Der Zug nach Nam Tok

Zwischenstopp Kanchanaburi – Endstation Nam Tok

Was gibt es eigentlich in Kanchanaburi?

Sicherlich kennt jeder von Euch den Filmklassiker „Die Brücke am Kwai.“ Der mit sieben Oscars ausgezeichnete Film handelt vom Bau der Brücke während des zweiten Weltkriegs. Die Eisenbahnstrecke, die von Siam (heute Thailand) nach Burma (heute Myanmar) über die Brücke am Kwai führt, wird umgangssprachlich Todeseisenbahn genannt. Über 100.000 Kriegsgefangene verloren beim Bau der Strecke ihr Leben. Warum lernen wir Menschen nicht aus der Geschichte? Warum können wir nicht einfach in Frieden miteinander leben? Und heute muss ich auch noch in der Zeitung lesen, dass die Deutschen wieder Waffen nach Saudi Arabien geschickt haben. Da kommt mir einfach das Kotzen. Also was gibt es eigentlich in Kanchanaburi?
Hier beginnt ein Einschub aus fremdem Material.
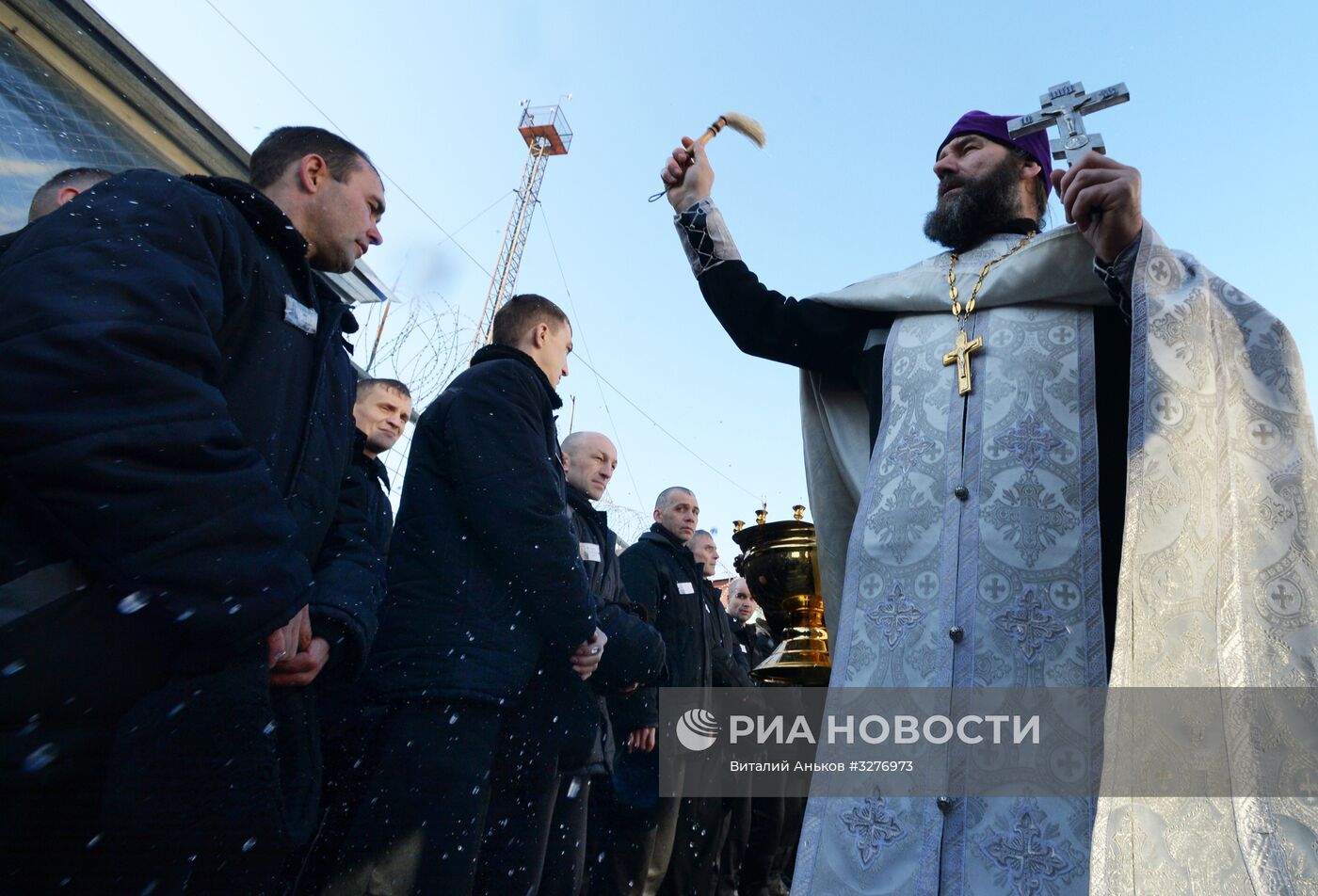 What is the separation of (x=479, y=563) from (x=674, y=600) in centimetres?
266

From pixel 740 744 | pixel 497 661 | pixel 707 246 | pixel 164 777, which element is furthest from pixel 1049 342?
pixel 740 744

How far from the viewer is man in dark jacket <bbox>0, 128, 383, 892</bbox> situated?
1.38 metres

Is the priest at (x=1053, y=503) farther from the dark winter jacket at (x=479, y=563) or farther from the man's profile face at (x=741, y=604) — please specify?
the man's profile face at (x=741, y=604)

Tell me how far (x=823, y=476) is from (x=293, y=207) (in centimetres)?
163

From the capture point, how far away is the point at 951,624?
2.07m

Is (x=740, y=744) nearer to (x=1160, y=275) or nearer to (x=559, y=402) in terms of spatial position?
(x=559, y=402)

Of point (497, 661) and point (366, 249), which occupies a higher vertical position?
point (366, 249)

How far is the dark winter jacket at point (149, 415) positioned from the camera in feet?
4.55

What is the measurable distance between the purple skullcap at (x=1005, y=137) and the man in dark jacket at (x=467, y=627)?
5.67 ft

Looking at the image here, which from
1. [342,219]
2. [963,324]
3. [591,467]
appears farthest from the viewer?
[591,467]

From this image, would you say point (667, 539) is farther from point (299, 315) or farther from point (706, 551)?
point (299, 315)

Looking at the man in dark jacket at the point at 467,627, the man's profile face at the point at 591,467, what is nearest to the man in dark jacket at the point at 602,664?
the man's profile face at the point at 591,467

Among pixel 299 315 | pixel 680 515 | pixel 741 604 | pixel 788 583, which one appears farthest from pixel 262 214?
pixel 741 604

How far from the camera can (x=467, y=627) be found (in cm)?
287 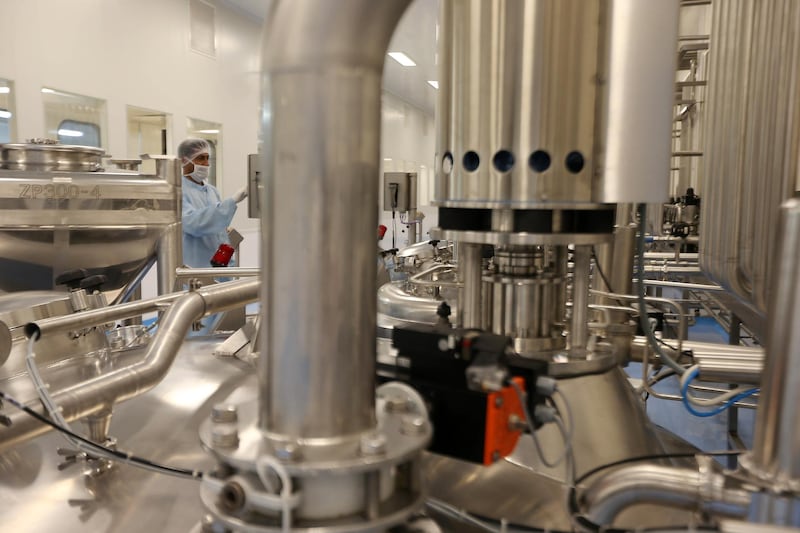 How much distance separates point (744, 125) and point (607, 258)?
20.9 inches

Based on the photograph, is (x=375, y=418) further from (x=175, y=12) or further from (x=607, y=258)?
(x=175, y=12)

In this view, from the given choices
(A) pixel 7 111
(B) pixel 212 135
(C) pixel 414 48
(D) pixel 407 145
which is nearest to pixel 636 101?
(A) pixel 7 111

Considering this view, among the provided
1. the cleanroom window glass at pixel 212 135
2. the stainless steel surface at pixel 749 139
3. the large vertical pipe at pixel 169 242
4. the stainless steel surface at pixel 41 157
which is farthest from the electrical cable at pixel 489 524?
the cleanroom window glass at pixel 212 135

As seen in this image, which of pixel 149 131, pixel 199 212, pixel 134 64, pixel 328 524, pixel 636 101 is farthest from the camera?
pixel 149 131

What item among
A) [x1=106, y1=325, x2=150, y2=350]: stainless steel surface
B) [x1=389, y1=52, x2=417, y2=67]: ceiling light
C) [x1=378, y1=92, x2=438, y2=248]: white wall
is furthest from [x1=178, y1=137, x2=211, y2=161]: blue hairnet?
[x1=378, y1=92, x2=438, y2=248]: white wall

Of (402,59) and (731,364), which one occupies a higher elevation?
(402,59)

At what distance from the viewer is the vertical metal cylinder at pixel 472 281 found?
0.83m

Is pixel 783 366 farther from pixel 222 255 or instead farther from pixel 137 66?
pixel 137 66

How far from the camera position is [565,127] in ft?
2.36

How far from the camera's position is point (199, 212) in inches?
113

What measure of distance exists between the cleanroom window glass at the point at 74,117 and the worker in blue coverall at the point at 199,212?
90cm

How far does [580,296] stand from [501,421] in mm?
336

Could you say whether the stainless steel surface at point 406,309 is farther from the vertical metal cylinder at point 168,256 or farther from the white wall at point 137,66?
the white wall at point 137,66

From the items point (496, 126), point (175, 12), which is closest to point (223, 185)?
point (175, 12) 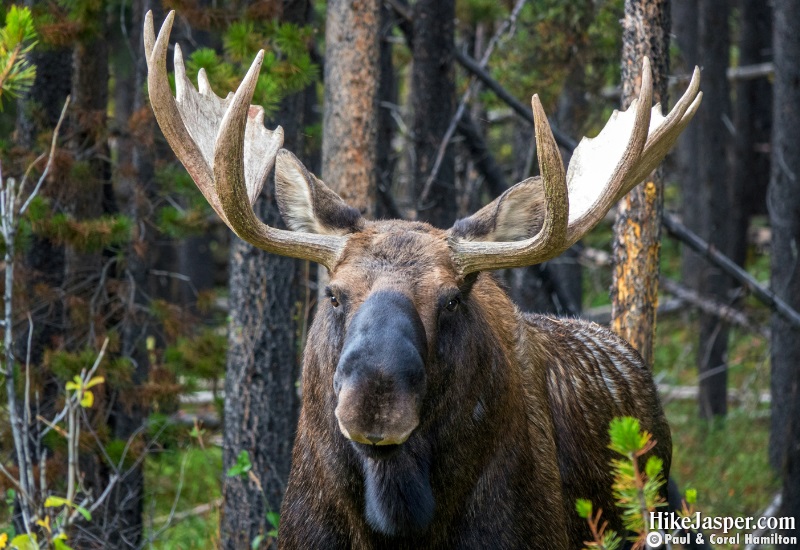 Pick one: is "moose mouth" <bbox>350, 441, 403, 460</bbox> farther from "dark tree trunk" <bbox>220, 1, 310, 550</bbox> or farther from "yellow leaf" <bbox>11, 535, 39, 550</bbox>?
"dark tree trunk" <bbox>220, 1, 310, 550</bbox>

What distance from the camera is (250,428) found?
23.5 feet

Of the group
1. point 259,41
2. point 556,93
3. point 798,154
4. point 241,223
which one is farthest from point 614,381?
point 798,154

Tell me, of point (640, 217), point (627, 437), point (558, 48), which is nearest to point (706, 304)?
point (558, 48)

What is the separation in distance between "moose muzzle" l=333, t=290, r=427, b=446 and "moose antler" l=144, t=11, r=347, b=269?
2.64 feet

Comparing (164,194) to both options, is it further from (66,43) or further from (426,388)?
(426,388)

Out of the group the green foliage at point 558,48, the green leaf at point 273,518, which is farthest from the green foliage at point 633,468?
the green foliage at point 558,48

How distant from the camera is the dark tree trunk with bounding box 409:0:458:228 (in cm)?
938

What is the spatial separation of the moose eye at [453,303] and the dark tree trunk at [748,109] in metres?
13.4

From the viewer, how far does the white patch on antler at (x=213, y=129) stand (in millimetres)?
4996

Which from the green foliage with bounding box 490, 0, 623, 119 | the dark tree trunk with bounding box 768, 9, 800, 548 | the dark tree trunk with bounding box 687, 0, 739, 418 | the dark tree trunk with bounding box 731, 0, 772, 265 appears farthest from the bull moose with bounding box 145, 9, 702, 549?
the dark tree trunk with bounding box 731, 0, 772, 265

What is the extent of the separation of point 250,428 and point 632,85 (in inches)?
135

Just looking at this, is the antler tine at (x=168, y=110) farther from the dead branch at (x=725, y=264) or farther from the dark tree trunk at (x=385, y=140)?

Ein historisches Ereignis, welches die Menschen, die hier her kommen, zum Nachdenken bewegen soll.

Den Toten Gedenken

Kanchanaburi soll die Menschen zum Nachdenken bewegen

Zeit zum Nachdenken

Gestern habe ich geschrieben, dass mich meine Reise verändert hat. Aber die Beispiele, die ich angeführt habe, waren nur ein paar von vielen. Am meisten beschäftigt mich im Augenblick mein Blog. Ich habe aus vielen Gründen kein Interesse daran, zu beschreiben, wie man von A nach B kommt. Ich denke darüber nach, wie die Menschen vor 20 Jahren gereist sind. Es gab kein Internet und die Menschen haben es trotzdem geschafft. Ich will zwar weiterhin meine Eindrücke und Gefühle niederschreiben, aber Überschriften wie: “Mit dem Minibus von Bangkok nach Kanchanaburi“ möchte ich in Zukunft nicht mehr schreiben. Wenn man Reisen will, dann braucht man nicht viel. Wir sind lediglich mit zwei kleinen Rucksäcken nach Kanchanaburi gefahren. Unsere riesigen Reiserucksäcke lassen wir in Bangkok aufbewahren. In der Zwischenzeit wasche ich meine Wäsche selber, und bringe sie nicht einmal mehr zur Wäscherei. Wenn ich etwas benötige, dann kaufe ich es. Wenn ich etwas nicht mehr brauche, dann schenke ich es her. Ich will in Zukunft nur noch über meine Gedanken schreiben, und wie ich mich fühle. Ich will nicht vergessen, wie mich meine Reise verändert hat. Wenn ich wissen will, wie ich von A nach B komme, dann lese ich es einfach wo anders nach.

Zeit zum Nachdenken

Auf der Zugfahrt nach Kanchanaburi habe ich viel Zeit zum Nachdenken…

Die Natur bewundern

…ich kann die wunderschöne Natur bewundern…

Nicht die Brücke am Kwai

…und mir in etwa vorstellen, was hier abging.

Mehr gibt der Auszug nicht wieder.